- Born: Botswana
- Education: University of Botswana African Institute for Economic Development and Planning Victoria University of Manchester
- Occupations: Economist and corporate executive
- Years active: 1984–present
- Title: Chief executive officer of Debswana

= Andrew Maatla Motsomi =

Motswana corporate executive

Andrew Maatla Motsomi is a Motswana economist and corporate executive, who serves as the managing director and chief executive officer of Debswana Diamond Company Limited, the largest diamond-mining company in the world, by value. He was appointed to that position in May 2022 on a five-year contract.
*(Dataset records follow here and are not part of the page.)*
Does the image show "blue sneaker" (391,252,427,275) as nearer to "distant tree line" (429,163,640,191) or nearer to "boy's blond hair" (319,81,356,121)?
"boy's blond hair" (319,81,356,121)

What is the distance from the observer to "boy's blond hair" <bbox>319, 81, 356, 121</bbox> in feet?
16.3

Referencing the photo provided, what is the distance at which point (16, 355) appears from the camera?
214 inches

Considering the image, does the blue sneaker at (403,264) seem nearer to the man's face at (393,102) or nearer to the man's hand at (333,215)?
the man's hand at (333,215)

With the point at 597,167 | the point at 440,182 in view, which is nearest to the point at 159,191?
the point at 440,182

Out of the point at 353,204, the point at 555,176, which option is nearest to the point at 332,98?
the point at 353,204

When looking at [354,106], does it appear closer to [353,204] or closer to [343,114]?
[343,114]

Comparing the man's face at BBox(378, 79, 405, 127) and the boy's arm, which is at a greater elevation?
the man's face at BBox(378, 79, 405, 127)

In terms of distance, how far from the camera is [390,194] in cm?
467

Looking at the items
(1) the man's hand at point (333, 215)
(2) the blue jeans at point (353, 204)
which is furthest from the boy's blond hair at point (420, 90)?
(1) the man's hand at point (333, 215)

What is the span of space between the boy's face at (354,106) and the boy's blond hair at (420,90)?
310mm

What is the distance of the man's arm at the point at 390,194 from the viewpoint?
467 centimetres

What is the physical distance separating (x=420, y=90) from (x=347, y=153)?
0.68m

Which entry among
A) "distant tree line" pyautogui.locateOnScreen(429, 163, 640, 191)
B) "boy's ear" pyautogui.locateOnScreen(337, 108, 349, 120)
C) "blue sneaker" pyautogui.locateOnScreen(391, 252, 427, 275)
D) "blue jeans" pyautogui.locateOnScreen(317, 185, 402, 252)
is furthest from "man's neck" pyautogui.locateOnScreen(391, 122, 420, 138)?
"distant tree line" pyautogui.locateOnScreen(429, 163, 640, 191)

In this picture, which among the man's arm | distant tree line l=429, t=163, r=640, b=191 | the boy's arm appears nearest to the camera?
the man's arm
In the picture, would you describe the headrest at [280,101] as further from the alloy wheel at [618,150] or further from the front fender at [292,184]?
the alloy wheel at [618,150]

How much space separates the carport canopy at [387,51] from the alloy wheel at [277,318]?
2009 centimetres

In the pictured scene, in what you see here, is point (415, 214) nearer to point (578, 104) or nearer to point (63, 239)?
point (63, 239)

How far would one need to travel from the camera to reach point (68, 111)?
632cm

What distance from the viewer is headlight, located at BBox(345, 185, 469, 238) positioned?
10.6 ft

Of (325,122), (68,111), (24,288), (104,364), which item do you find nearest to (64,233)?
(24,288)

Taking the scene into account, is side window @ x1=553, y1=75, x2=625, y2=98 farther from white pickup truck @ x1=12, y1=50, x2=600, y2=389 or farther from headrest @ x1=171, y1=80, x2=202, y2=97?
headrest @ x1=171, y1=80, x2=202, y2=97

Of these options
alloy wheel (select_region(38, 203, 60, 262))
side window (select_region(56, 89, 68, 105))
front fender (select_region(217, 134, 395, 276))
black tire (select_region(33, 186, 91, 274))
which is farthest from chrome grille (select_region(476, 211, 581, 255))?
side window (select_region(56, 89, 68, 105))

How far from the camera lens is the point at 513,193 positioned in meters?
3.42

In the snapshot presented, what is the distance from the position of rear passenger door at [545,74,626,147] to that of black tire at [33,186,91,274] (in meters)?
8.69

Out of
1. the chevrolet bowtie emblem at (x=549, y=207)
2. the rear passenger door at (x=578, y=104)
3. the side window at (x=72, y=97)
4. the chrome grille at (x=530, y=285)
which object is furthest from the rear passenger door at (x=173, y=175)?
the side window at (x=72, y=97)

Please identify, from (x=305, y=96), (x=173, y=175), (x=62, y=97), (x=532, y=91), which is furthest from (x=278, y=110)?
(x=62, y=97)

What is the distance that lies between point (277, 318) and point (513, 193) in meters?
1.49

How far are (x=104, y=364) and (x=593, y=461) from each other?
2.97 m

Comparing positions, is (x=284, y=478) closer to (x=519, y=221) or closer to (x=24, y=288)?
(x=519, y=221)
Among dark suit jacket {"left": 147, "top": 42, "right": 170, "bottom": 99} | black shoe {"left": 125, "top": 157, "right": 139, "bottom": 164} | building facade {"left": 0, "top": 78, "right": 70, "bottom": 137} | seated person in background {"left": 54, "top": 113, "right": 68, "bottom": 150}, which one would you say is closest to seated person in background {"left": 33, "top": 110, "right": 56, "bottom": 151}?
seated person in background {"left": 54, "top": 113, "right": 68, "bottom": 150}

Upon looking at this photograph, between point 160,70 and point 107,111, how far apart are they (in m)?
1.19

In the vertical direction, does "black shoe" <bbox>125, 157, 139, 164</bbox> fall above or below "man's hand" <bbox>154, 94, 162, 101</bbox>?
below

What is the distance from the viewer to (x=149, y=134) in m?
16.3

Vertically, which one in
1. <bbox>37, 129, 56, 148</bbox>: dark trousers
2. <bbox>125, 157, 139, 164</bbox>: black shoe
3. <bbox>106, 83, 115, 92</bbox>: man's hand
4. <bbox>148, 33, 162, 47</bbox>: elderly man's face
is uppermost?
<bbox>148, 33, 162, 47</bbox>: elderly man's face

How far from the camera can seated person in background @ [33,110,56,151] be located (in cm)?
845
He assumed office on 1 June 2022.

==Background and education==
Motsomi is a Motswana by birth. He holds a bachelor's degree in Economics and Accounting from the University of Botswana. He earned a Postgraduate Diploma in Economic Development and Planning from the African Institute for Economic Development and Planning in Dakar, Senegal. His Master of Arts in economics was obtained from the Victoria University of Manchester.

==Career==
In 2016, then president of Botswana, Ian Khama, appointed Motsomi as deputy governor of the Bank of Botswana, effective 1 February 2016. While at the bank, he represented Botswana regionally as the chairman of the Botswana Institute for Development Policy Analysis. He also worked on attachment at the International Monetary Fund on behalf of Botswana. His tenure at Bank of Botswana exceeded 35 years of service.

Motsomi took over the helm of Debswana from Lynette Armstrong, the substantive chief financial officer (CFO) at the company, who served as the CEO of the company in acting capacity between August 2019 and May 2022.